Elle parut enfin, s’enveloppant dans sa mante.

« Me voici… que me voulez-vous ? » dit-elle du ton de quelqu’un qui est pressé d’en finir.

Le sergent jeta sa cigarette et répondit :

« J’aurais voulu vous voir un peu plus attendrie tout à l’heure ; je voudrais maintenant vous entendre donner un bon souvenir à Pierre Gervais ! »

Nanon garda le silence.

« Allons ! reprit-il, décidément, vous lui gardez rancune.

– Oui ! dit-elle d’une voix sourde et brève.

– Je connais ses torts ! fit Martial avec douceur.
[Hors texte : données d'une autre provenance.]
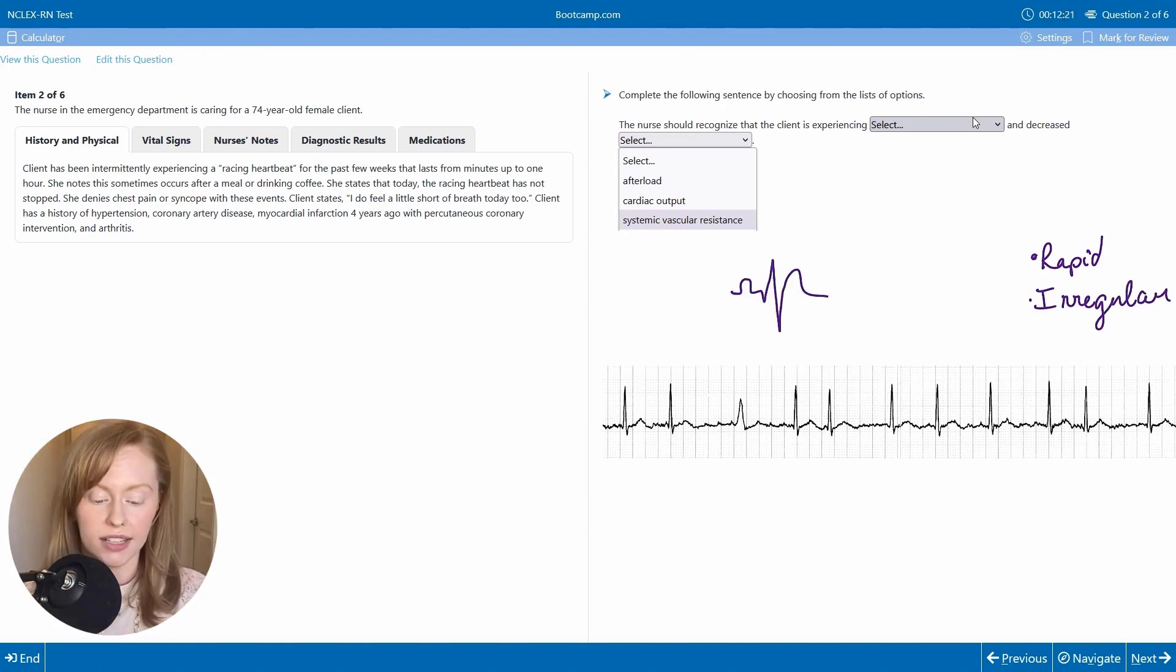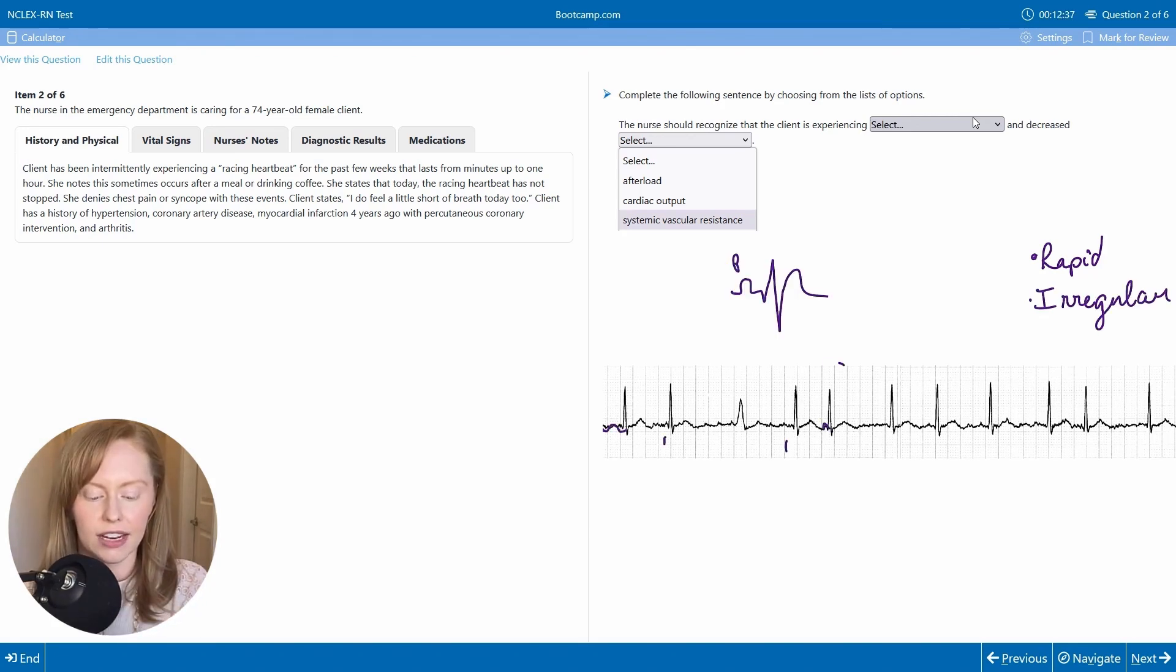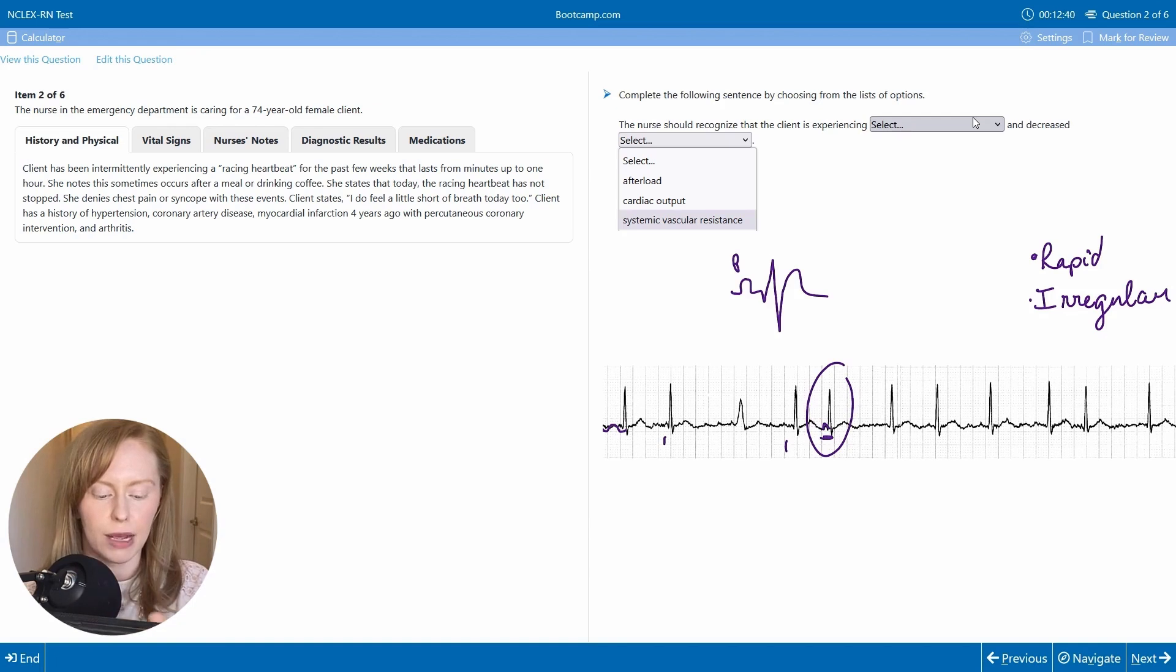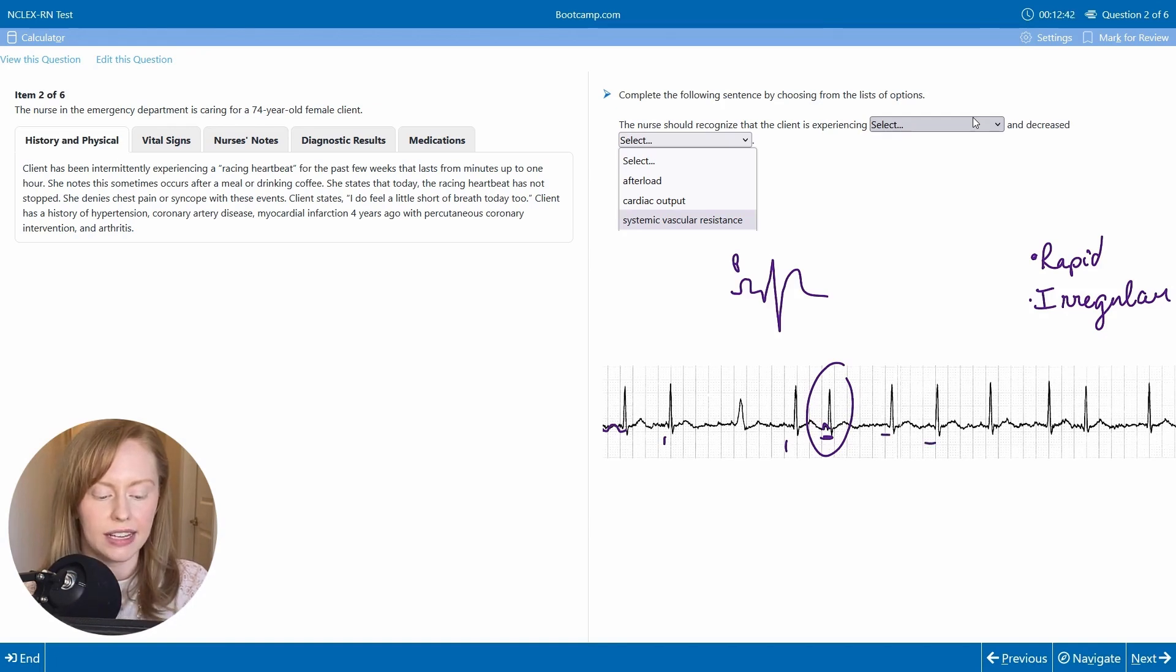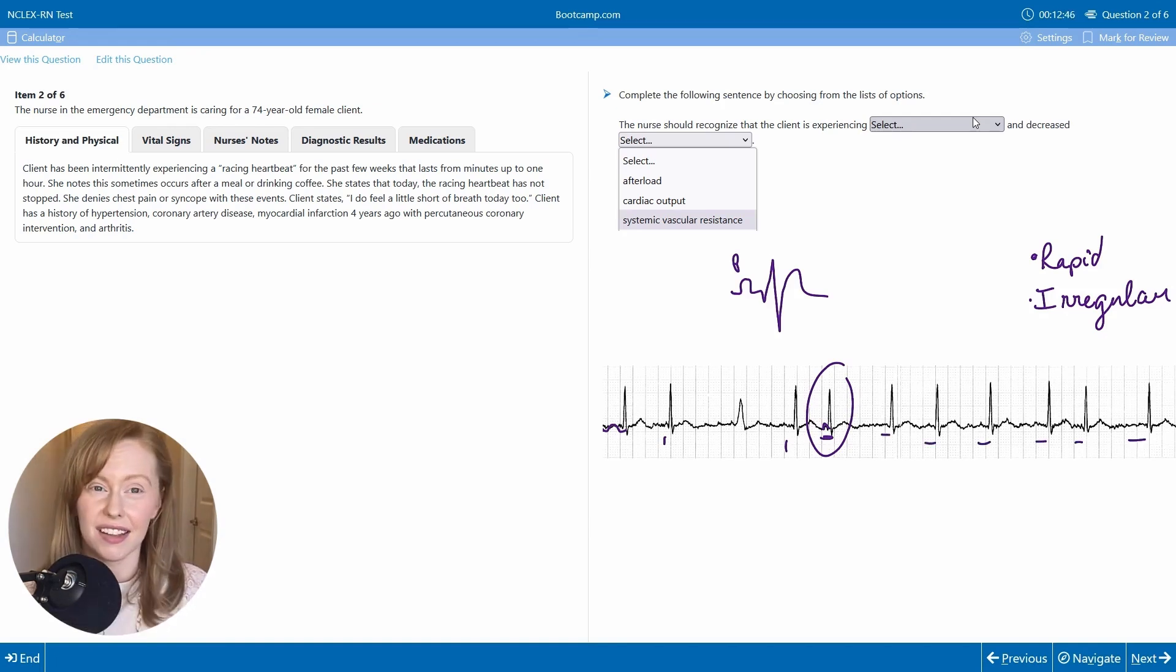Next, do I see P waves here? Even if I can convince myself that that might be a P wave, I'm not seeing something consistently that I can say I have a P wave.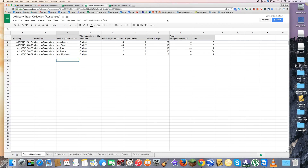Hi, my name is Gary, and for this screencast today I'm going to be showing you a little bit how to use the query function in the spreadsheet.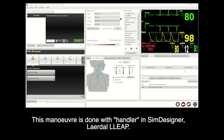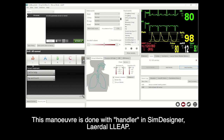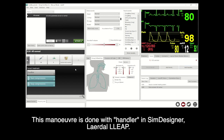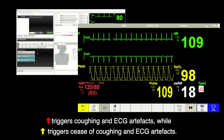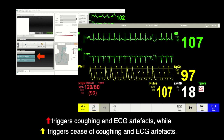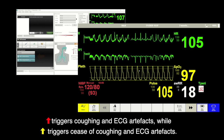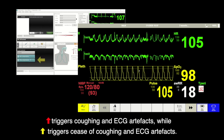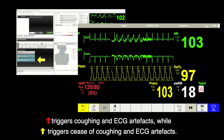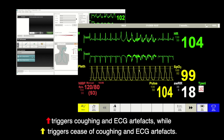This is an example done by a handler and sim designer using Ladau's Lips software. The red arrow points to the icon that triggers coughing and the ECG artifact. The yellow arrow points to the icon that triggers the cessation of coughing and the ECG artifact.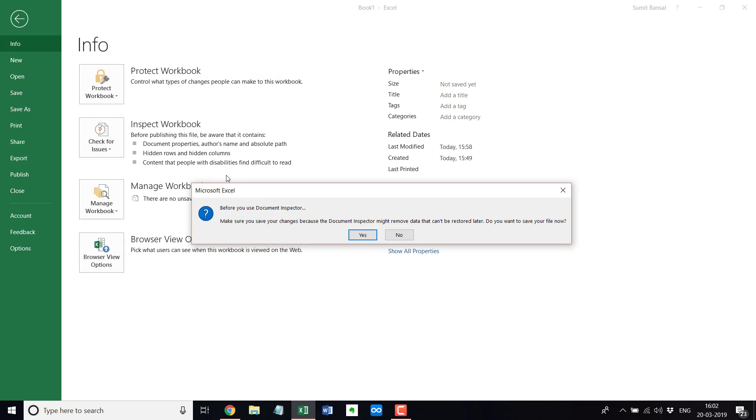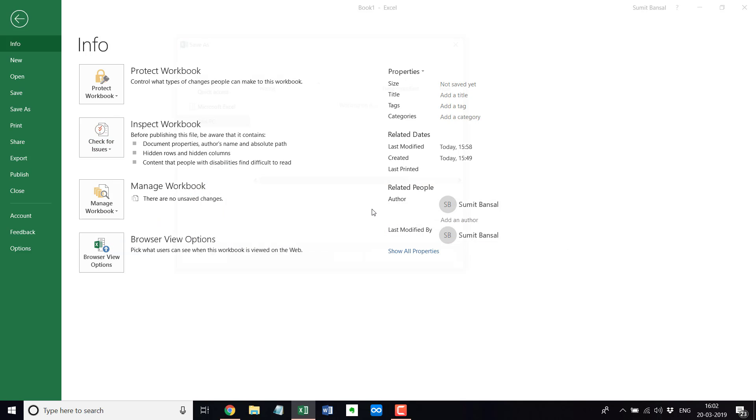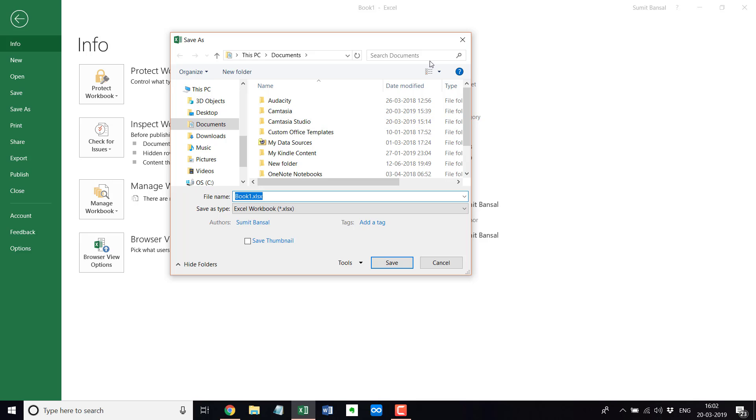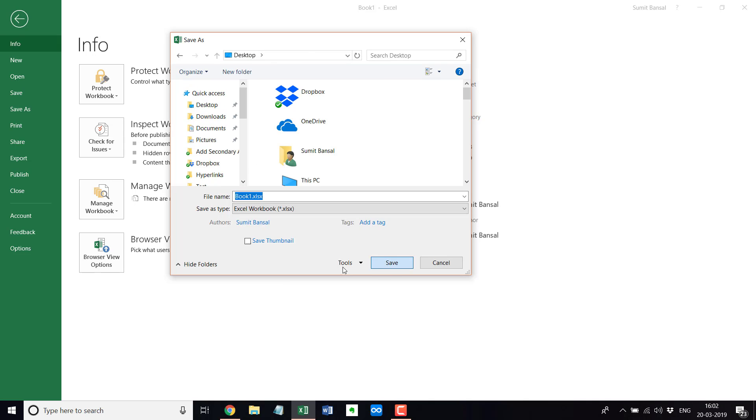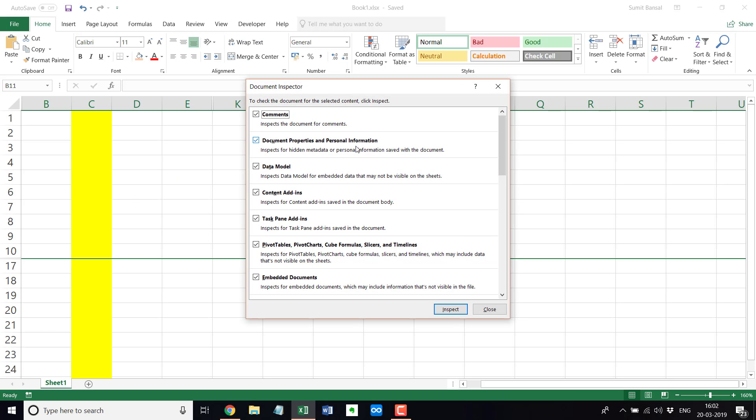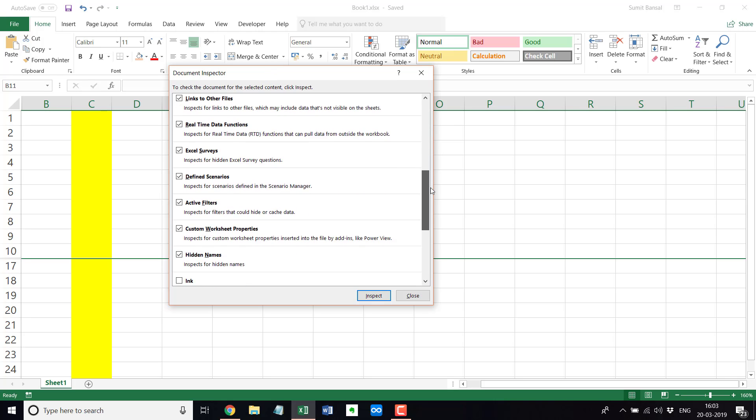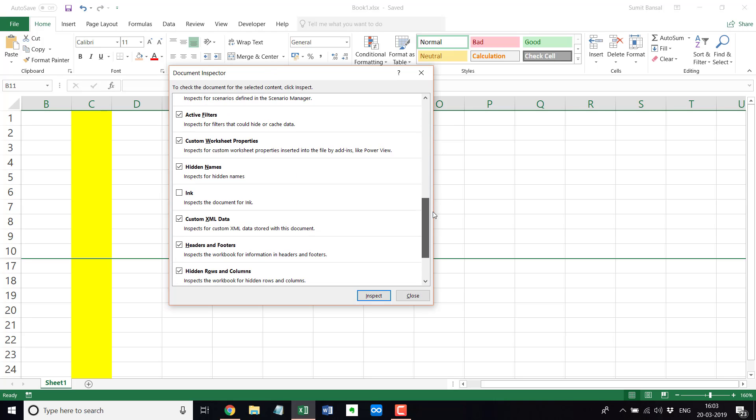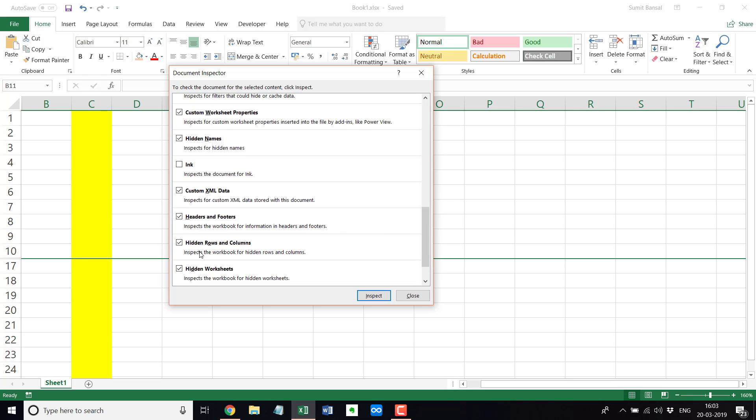And as soon as you click on inspect document, it is going to first ask me to save this because it doesn't work unless you have saved this. So let me quickly save this here. And now as soon as I click on inspect document, it will open the document inspector. And if you come down here, you would see that it will show you the number of hidden rows and columns. So it would inspect the workbook and show you how many hidden rows and columns are there.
Il m’a conté toute l’histoire… votre rencontre à Paris… quelle honnête et laborieuse ouvrière vous étiez alors… une de celles-là qu’on n’obtient que par le mariage… Il vous épousa…

– Ah ! vous savez…

– Tout, vous dis-je… L’avenir semblait devoir racheter son passé… Pierre avait les meilleures intentions du monde… Il vous aimait… Une mauvaise tête, d’accord… mais un bon cœur !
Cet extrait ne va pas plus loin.